Interlayer-expanded MoS2 hybrid nanospheres with superior zinc storage behavior

As a promising cathode candidate, molybdenum disulfide (MoS 2 ) has attracted extensive attention due to its excellent layered structure for Zn ion storage. However, the poor specific capacity and the relatively short cycling lifespan remain a challenge to fulfilling its potential applications. Herein, we successfully synthesized a highly stable MoS 2 –O nanosphere with intercalated Mo–O bonds adjacent to the MoS 2 layers as cathode material for Zn ion batteries (ZIBs). The results demonstrate that the degree of sulfidation contributed to the expansion of the interlayer spacing of MoS 2 while the intercalated Mo–O bonds aided the structural integrity and the stability of the fabricated cathode during the repeated Zn insertion/extraction process.
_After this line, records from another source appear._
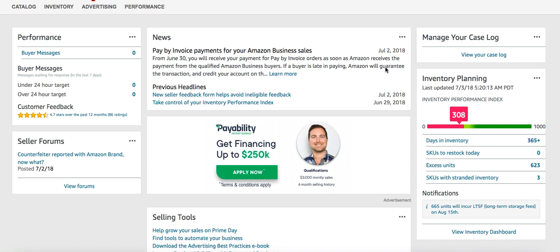The new Amazon metric system is now regulating whether or not we can send inventory for the following quarter. One of the metrics that people are overlooking — and that is the easiest to fix — is actually your SKUs to restock today.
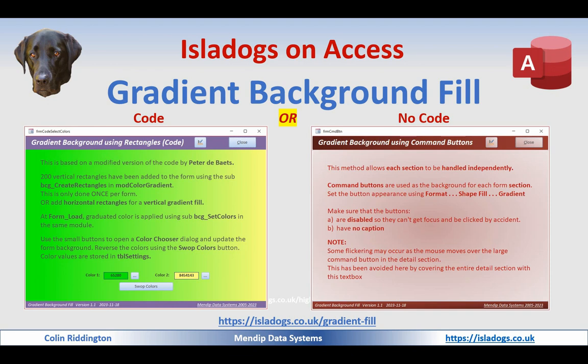Today I'm going to show you how you can easily add a gradient background fill to your forms to make them more visually interesting for your end users. The different methods I'm going to show you - two of them involve code and the other two are completely no-code methods.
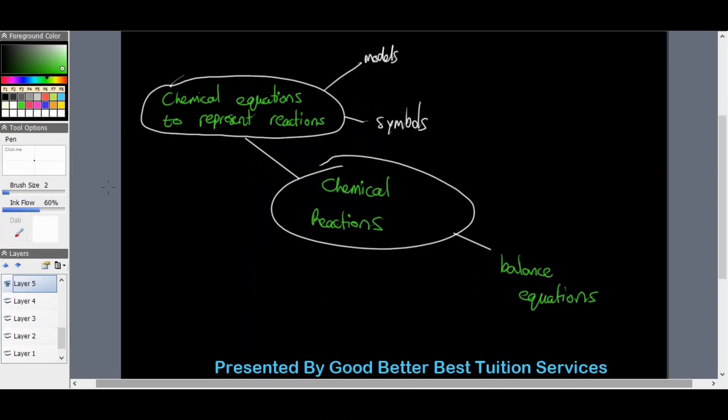Taking a look at our next topic for grade nines: chemical reactions. We're going to look at chemical equations, how we use them to represent reactions, and how to balance equations and why it's so important. In this section we've looked at compounds and how they are formed with two or more atoms during a chemical reaction. For example, the combination of sodium and chlorine forms sodium chloride, NaCl, known as table salt. We can show chemical reactions in two different ways: using models or using symbols.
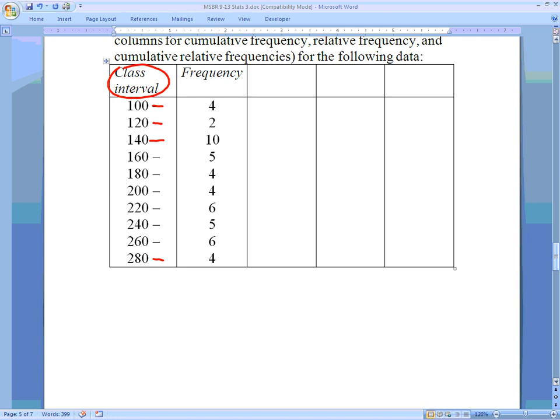Scores between 100 and 120: there were 4. Scores between 120 and 140: there were 2, and so on. To figure out how many total pieces of data were involved in this study, I add them all up: 4 plus 2 is 6, plus 10 is 16, plus 5 is 21, 25, 29, 35, 40, 46, 50. So we are talking about a total of 50 pieces of data.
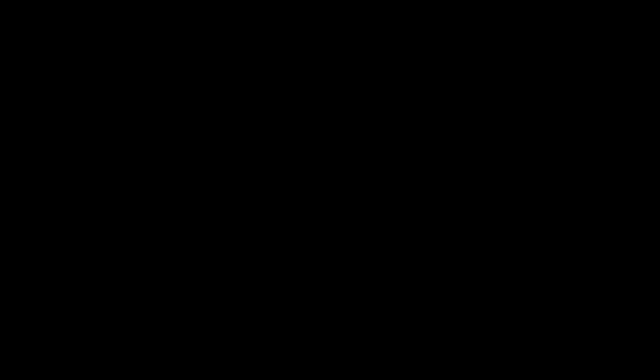We care about our Vimeo creators. That's why if you surpass the incredible milestone of 10 followers, you'll receive the cardboard pause button. We're not joking, you will receive it. I mean, so far no one has got it, but maybe someday, maybe, definitely.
Due to the optimized structure, the specific capacity and cycling stability of ZIBs with MoS 2 –O nanosphere cathode improved significantly over 300 cycling with an initial specific capacity of 206.7 mAh·g −1 at 100 mA g −1 . This work provides a promising approach to effectively enhance the capacity retention performance of MoS 2 for ZIBs. • The MoS 2 nanospheres with intercalated Mo–O bonds are used as Zn ion battery cathodes. • The intercalated Mo–O bonds aided the structural integrity of the fabricated cathode. • The MoS 2 –O nanosphere cathode led to a high capacity of 206.7 mAh·g −1 at 100 mA g −1 . • Incorporated Mo–O bonds helps improve the cycling stability and Coulombic efficiency.